Friday, August 3, 2012

Maltese Tiger

If there are White Tiger, there are also Maltese Tiger!

Maltese Tiger
The Maltese tiger, or blue tiger, is a semi-hypothetical coloration morph of a tiger, reported mostly in the Fujian Province of China. It is said to have bluish fur with dark grey stripes. Most of the Maltese tigers reported have been of the South Chinese subspecies. The South Chinese tiger today is critically endangered, and the "blue" alleles may be wholly extinct. Blue tigers have also been reported in Korea, home of Siberian tigers.

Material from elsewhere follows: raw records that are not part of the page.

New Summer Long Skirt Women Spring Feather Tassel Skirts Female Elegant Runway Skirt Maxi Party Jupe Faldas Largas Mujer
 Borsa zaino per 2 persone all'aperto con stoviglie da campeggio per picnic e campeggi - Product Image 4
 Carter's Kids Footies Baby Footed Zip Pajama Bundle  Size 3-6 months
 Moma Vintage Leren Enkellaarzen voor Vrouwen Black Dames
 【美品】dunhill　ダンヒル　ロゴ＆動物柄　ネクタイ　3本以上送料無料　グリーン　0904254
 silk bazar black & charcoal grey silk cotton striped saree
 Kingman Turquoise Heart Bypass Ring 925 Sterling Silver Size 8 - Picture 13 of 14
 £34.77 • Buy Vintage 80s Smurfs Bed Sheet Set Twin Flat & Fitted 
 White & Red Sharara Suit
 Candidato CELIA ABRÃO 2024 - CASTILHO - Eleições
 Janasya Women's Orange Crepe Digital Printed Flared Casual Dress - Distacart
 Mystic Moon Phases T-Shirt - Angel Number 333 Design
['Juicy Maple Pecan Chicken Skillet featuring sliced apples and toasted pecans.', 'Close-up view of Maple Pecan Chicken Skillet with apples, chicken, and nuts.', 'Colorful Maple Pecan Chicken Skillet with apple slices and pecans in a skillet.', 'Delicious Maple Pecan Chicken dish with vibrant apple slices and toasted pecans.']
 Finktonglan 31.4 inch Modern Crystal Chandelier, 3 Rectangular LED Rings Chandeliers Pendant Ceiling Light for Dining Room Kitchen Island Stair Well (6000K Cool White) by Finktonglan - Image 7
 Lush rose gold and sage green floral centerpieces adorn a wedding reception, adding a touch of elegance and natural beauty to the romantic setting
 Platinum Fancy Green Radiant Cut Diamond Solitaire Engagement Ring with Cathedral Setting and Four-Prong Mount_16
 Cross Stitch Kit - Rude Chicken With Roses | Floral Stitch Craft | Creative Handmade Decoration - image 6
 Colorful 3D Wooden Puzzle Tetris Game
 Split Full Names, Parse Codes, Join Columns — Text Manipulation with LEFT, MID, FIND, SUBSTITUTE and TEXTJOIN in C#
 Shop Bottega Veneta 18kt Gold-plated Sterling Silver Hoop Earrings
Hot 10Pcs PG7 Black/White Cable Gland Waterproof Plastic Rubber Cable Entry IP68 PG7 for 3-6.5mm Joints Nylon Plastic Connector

The term "Maltese" comes from domestic cat terminology for blue fur, and refers to the slate grey coloration. Many cats with such colouration are present in Malta, which may have given rise to the use of the adjective in this context.

Genetics

In support of the blue tiger theory, Maltese-colored cats certainly do exist. The most common are a domestic cat breed, the Russian Blue, and a variety of the British Shorthair, the British Blue, but blue bobcats and lynxes have also been recorded, and there are genetic mutations and combinations that result in bluish hue, or at least in the impression of a blue-gray animal. Shuker suggested that blue tigers possessed two different pairs of recessive alleles – the non-agouti (s/s), and the dilute (d/d)[3] which combine to produce a solid blue-gray colour as found in domestic cats such as the British Blue and Russian Blue, but would not produce the striped blue tigers reported.


Roar
White tigers are not albinos, as they retain their black stripes. Rather, the fur between the stripes lacks pheomelanin entirely. Simply combining non-agouti and dilute alleles would probably indeed result in a greyish or "maltese" tiger, but such an animal would have hardly-visible stripes or none at all: Normal tigers switch between agouti (orange) and non-agouti (black) in different areas of their pelage, as well as suppressing melanin production thoroughly (white).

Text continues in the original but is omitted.